Using LEDs to grow plants is still a very new idea. There are a few complanies that make grow lights for terrestrial plants that work very well. The problem is that they are designed to work at a height of 18" or lower so a deep tank is out of the question to try these on.


----------



## Gomer (Feb 2, 2004)

Emperical evidence showign that they work well.
http://www.aquaticplantcentral.com/...ghting-via-luxeon-stars.html?highlight=luxeon

LEDs arent cost efficient now. However, Lumileds did come out with some new K2 LEDs that I am a bit excited to try.


----------



## s0mt1nf1shy (Mar 14, 2005)

Do normal LEDs work too or does it have to be Luxeon Stars or other LEDs designed for plant growth?


----------



## Gomer (Feb 2, 2004)

as long as spectral overlap and intesity are high enough, then you are fine. KNowing the answer to those questions takes a little leg work though.


----------



## TetraFreak (Mar 15, 2006)

Gomer said:


> as long as spectral overlap and intesity are high enough, then you are fine. KNowing the answer to those questions takes a little leg work though.


OH MY! #-o

That sounds like more confusing math & meaningless formulas & calculations!


----------



## kekon (Aug 1, 2005)

I don't think LED diodes would be a good choice. As I'm electronic designer I can simply say that nowadays LED diodes are mainly used as optic indicators rather than any kind of lighting. They have poor efficiency.
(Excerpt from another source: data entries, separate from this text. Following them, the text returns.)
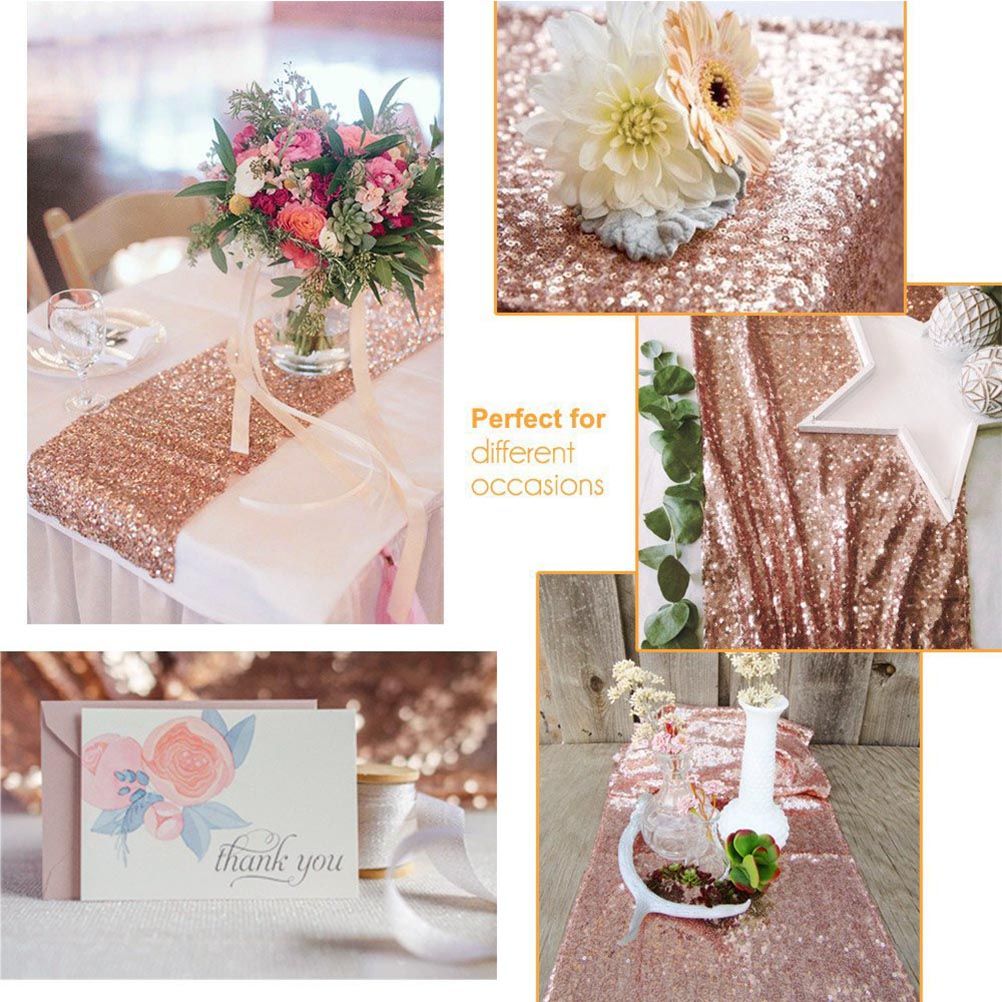 30x180cm Sparkly Sequin Table Runner Wedding Party Christmas Table Runner view 3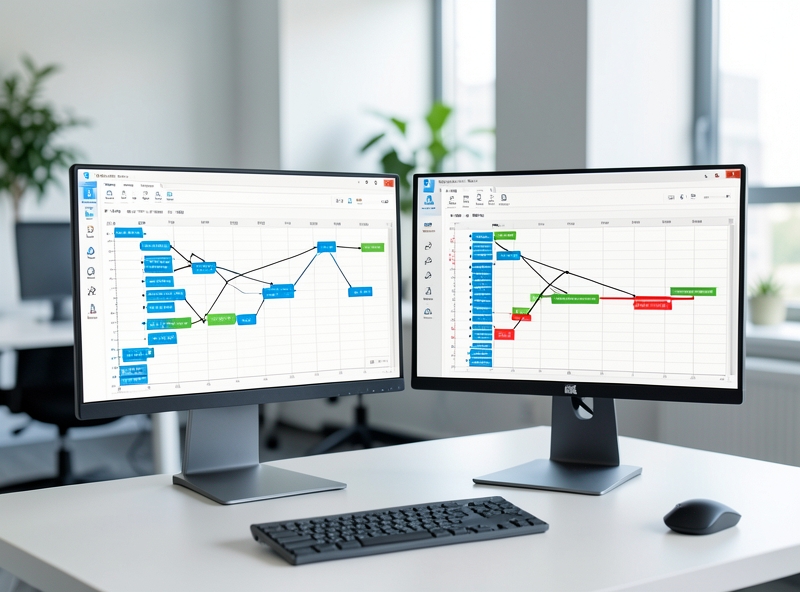 Giao diện sơ đồ Gantt trực quan trên ClickUp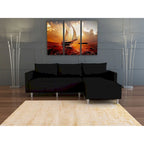 Bolivya Modern L-shaped Sectional Sofa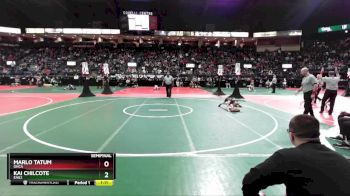 65 lbs Semifinal - Kai Chilcote, EAG2 vs Marlo Tatum, OHCA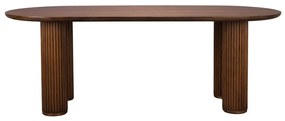 Dutchbone Dean Ovale Eettafel Walnootkleur - 90 X 220cm.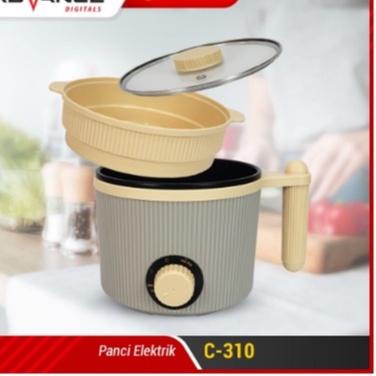 Diskon Terupdate Panci Listrik Elektrik Advance C-310 Multifungsi Warmer Steamer Cooker 18CM Lapisan Keramik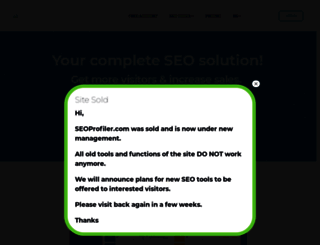 seoprofiler.fr screenshot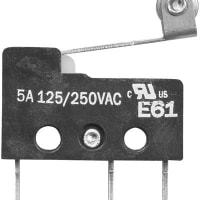 ZF Electronics Switch, Auxiliary Cold-Rolled Steel, 5 A, 125/250 VAC, SPDT, 30 g, 0.781 in.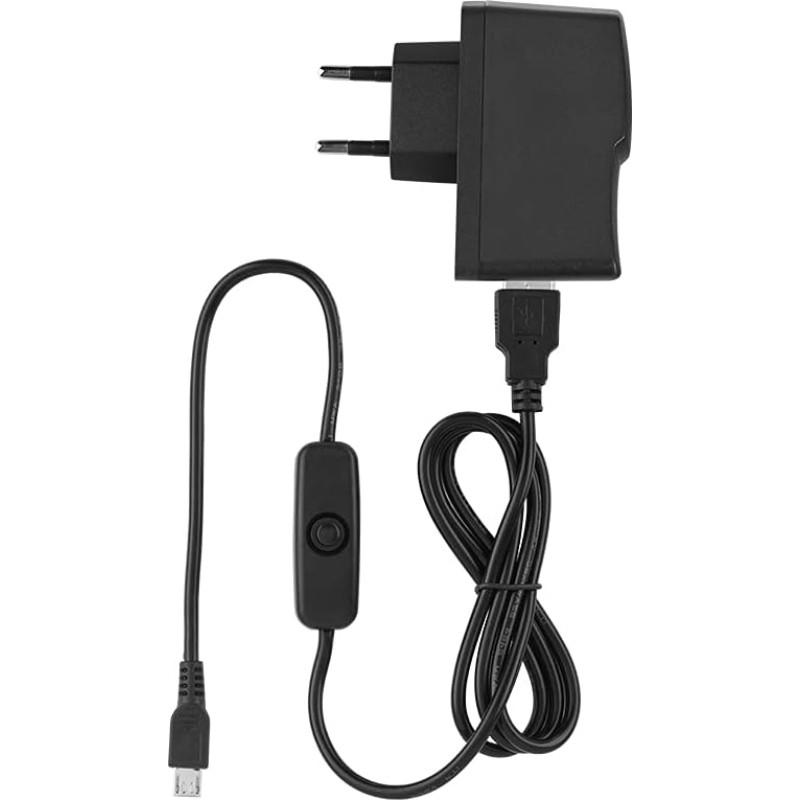 ciciglow Power Supply Adapter, 5 V 2.5 A AC/DC Power Supply Switching Power Supply Charger with Wide Compatibility (European Regulations)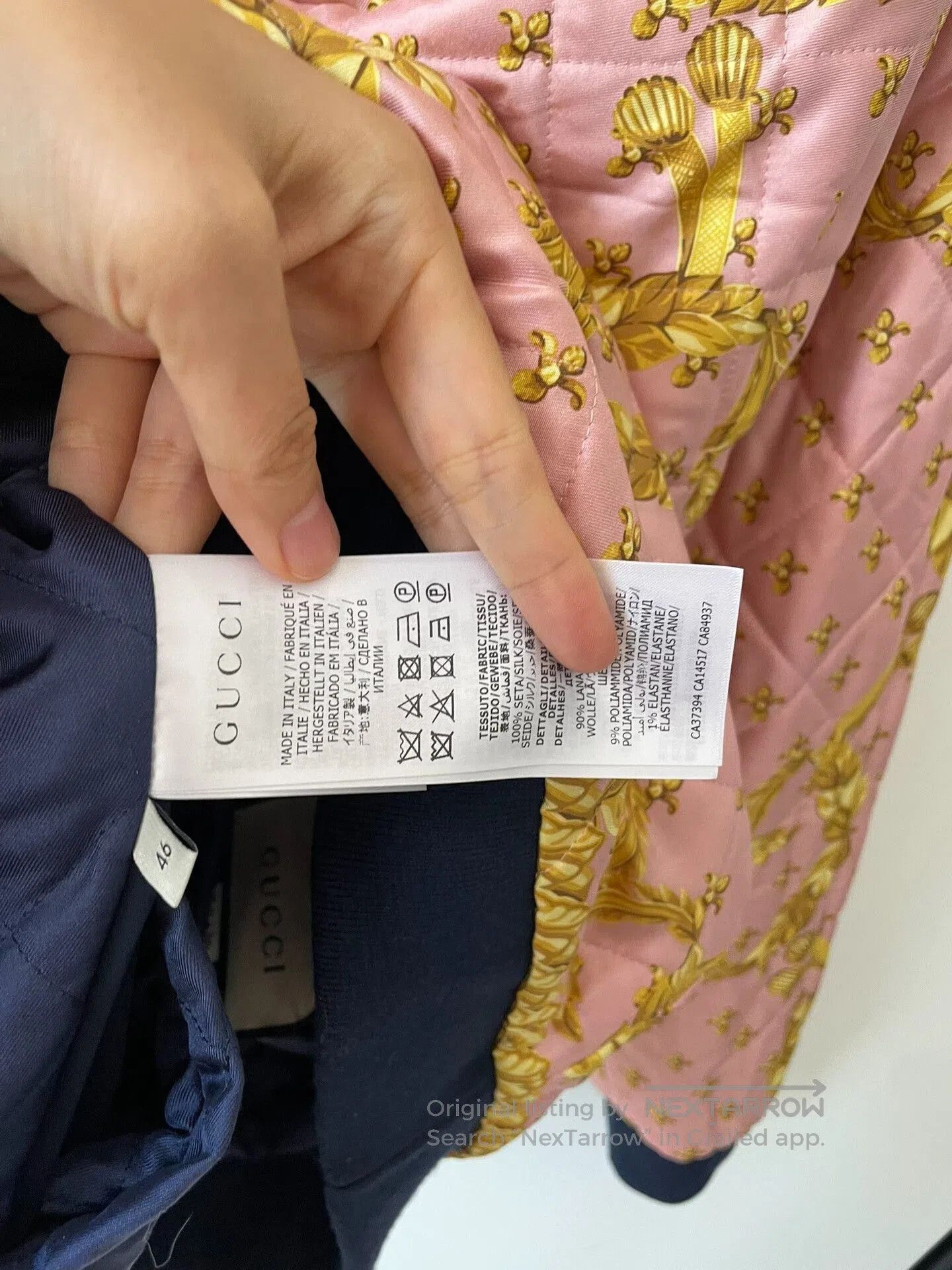 Gucci Gucci Reversible Padded Jacket. Size US S / EU 44-46 / 1 - 5 Thumbnail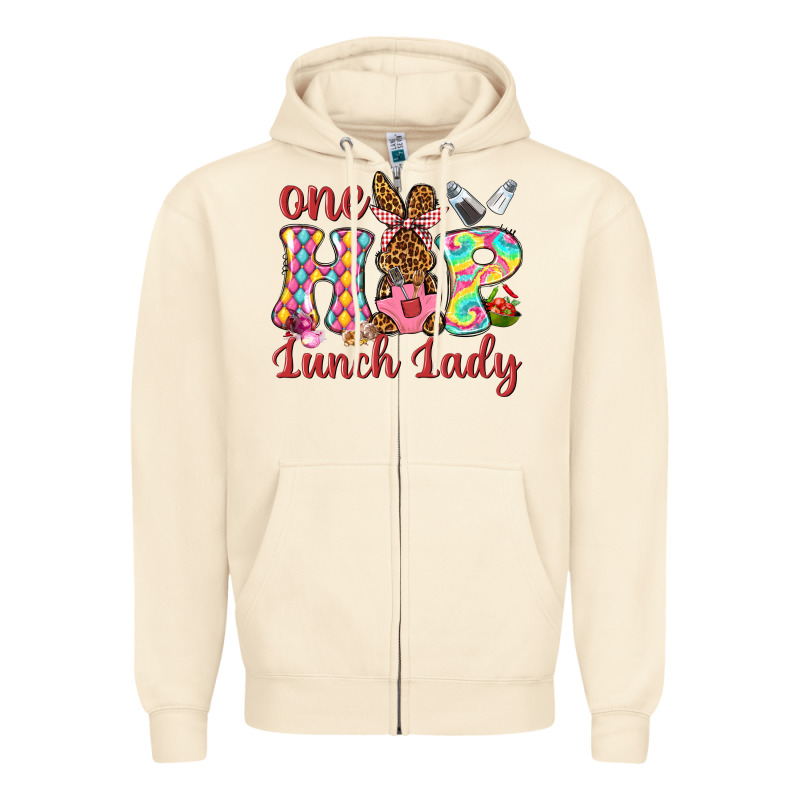 One Hip Lunch Lady Zipper Hoodie by Neo Western | Teevron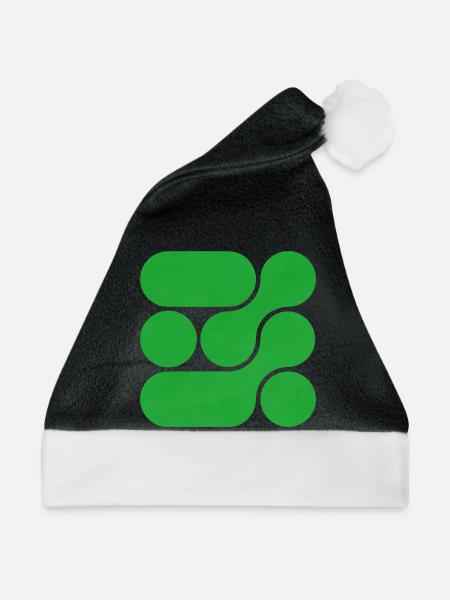 OCHOOO - GRÜN - Weihnachtsmütze - Schwarz/Weiß
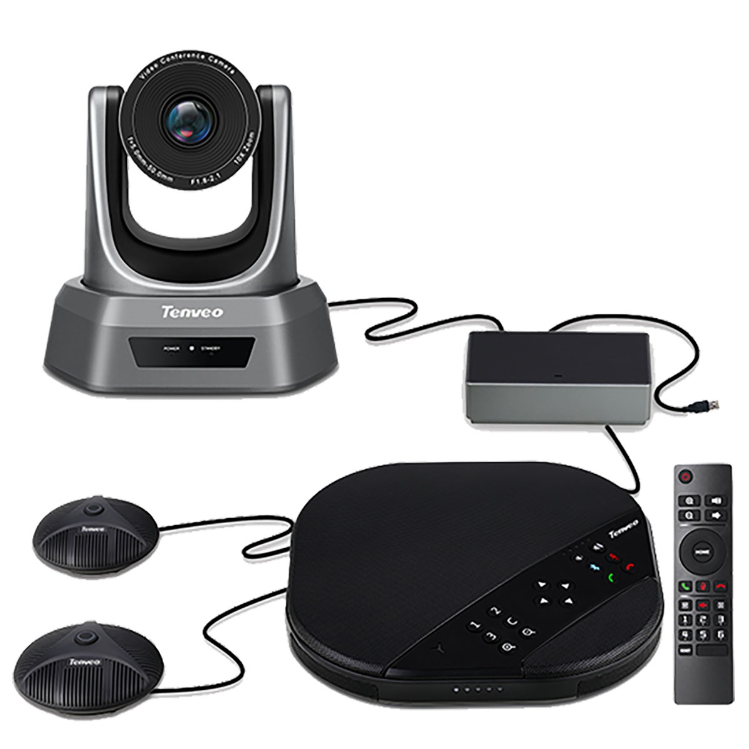 TENVEO ALL-IN-ONE VIDEO CONFERENCECAM GROUP SYSTEM WITH MIC EXPANSION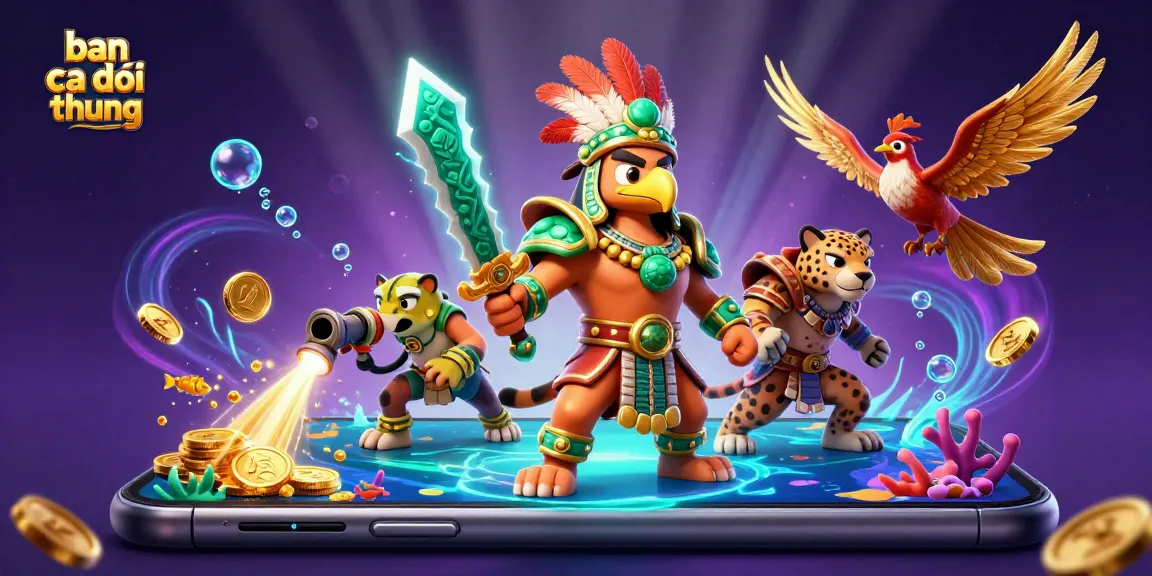 Engage in ban ca doi thuong with thrilling underwater action and dynamic 3D characters.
If you wanted to use ordinary LED's as your tank lighting you would have to use dozens of LED's and it would end up in high energy consumption and low efficiency.


----------



## taekwondodo (Dec 14, 2005)

LEDs are very effective - you can get "VHO" quality (term used very loosely) LEDs on ebay.

I had ~100 of them over my 5G for a while and they worked OK. They used less than 2W of power. I'm sure if I would have upped the power I would have been more pleased. I believe however I needed at least double, and didn't have time (or money, "VHO" LEDs are still quite expensive) to build another one (yet) so I switched to 2x13W PCs. 

I think they are much more efficient, but not quite "there" yet...


----------



## kekon (Aug 1, 2005)

I was thinking about ordinary LED's used in electronic equipment such as TV, radio, etc.


----------